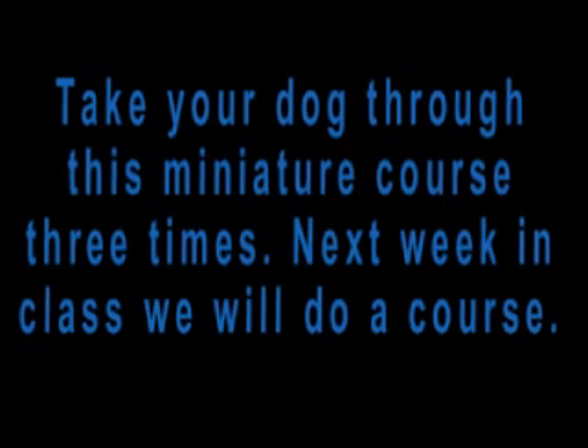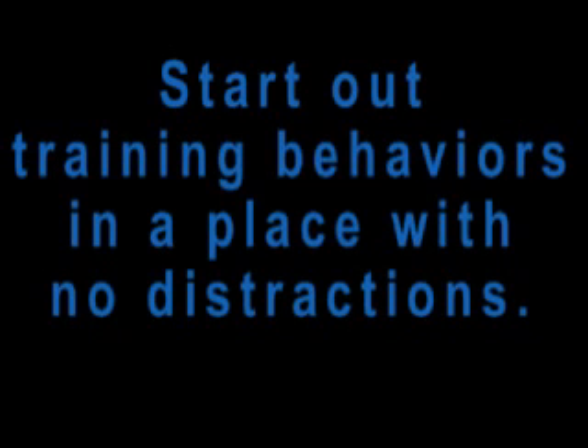Next week in class, we will do a course. Start out training behaviors in a place with no distractions — the dog will be able to focus on you better. Gradually add distractions as your dog gets better.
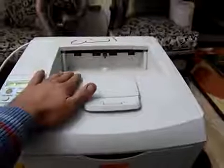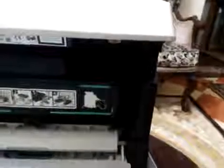First we will take off the upper cover. You can take off the screw here — I'm not sure about this one — and here. The light here is too much.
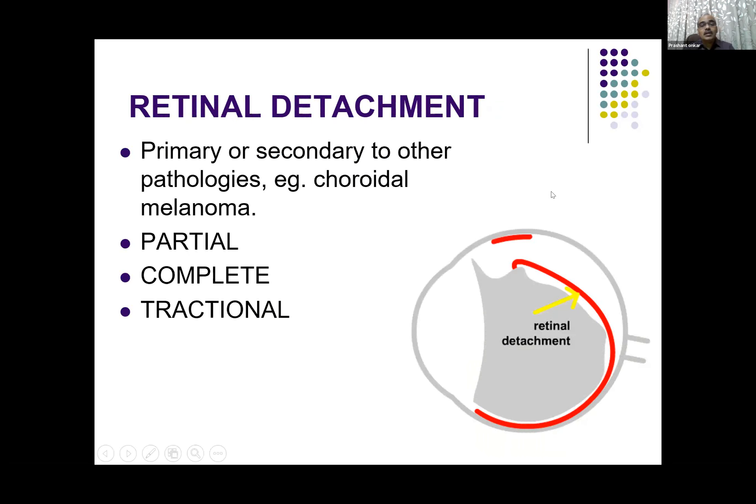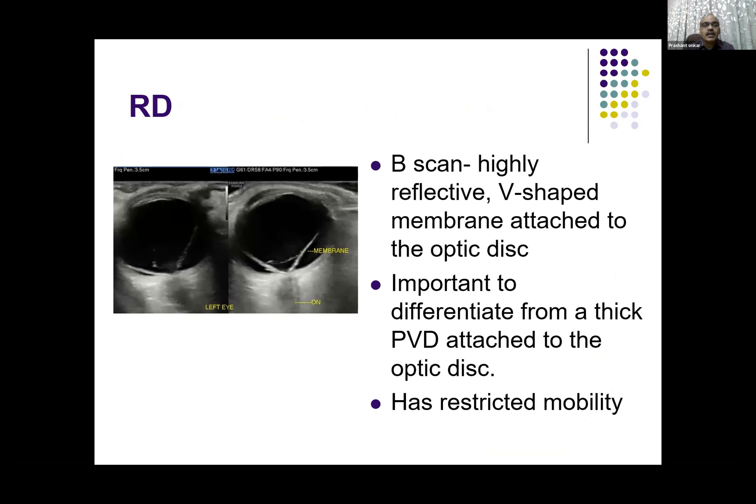Next pathology that presents acutely is retinal detachment — it can be primary or secondary, and it can be partial, complete, or tractional. The complete retinal detachment is very highly reflective, is typically V-shaped, and is always attached to the optic disc. That is the way you differentiate between posterior vitreous detachment and retinal detachment — the vitreous is thin, the retina is thick, and the retina is always attached at the optic disc.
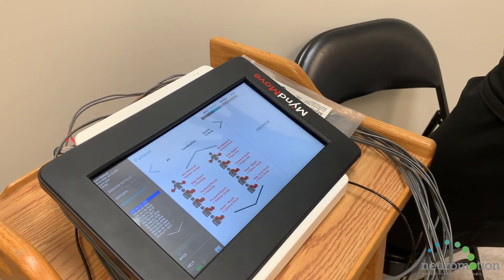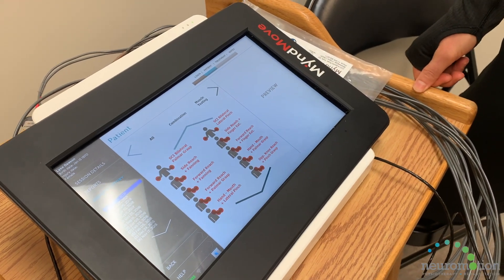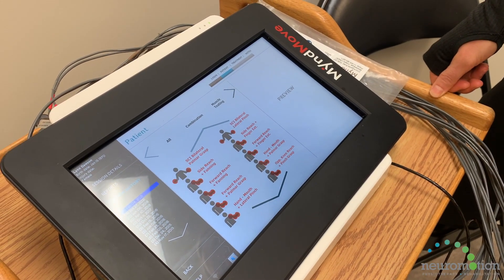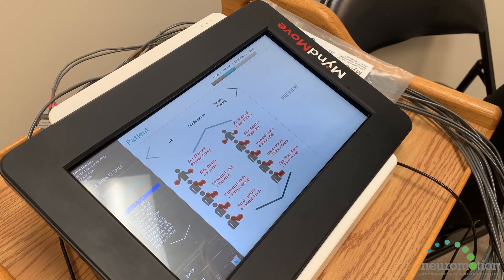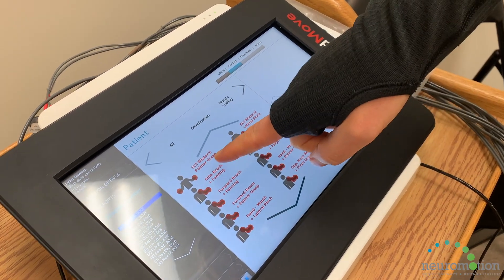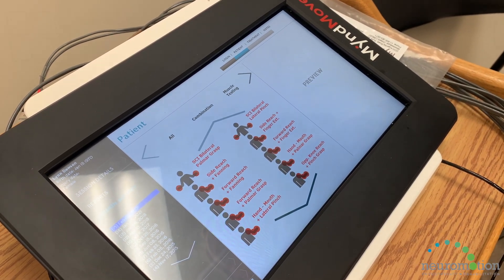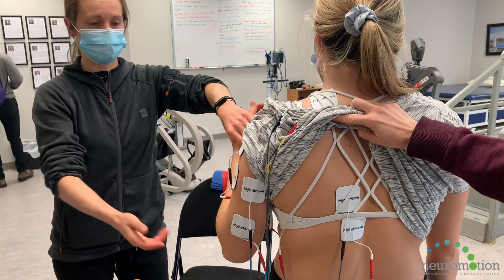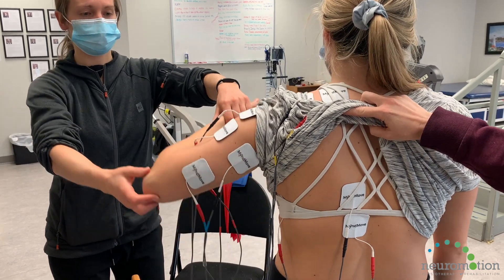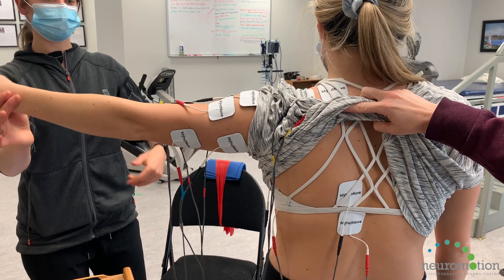The interface shows all the different protocols available with the Mindmove device. If you're working with someone with a spinal cord injury and want to work on both arms, there are bilateral protocols — such as bilateral palm or grasp — for a gripping movement. You can also work on just one arm at a time, which is more common with stroke or spinal cord injury when working individually.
****************
**What you are asked to do**
Output only the lines from the start of the data through the line that holds "First we will". Keep them exact and leave the pictures out.

**Problem solution**
Next week in class, we will do a course. Start out training behaviors in a place with no distractions — the dog will be able to focus on you better. Gradually add distractions as your dog gets better.
First we will take off the upper cover. You can take off the screw here — I'm not sure about this one — and here. The light here is too much.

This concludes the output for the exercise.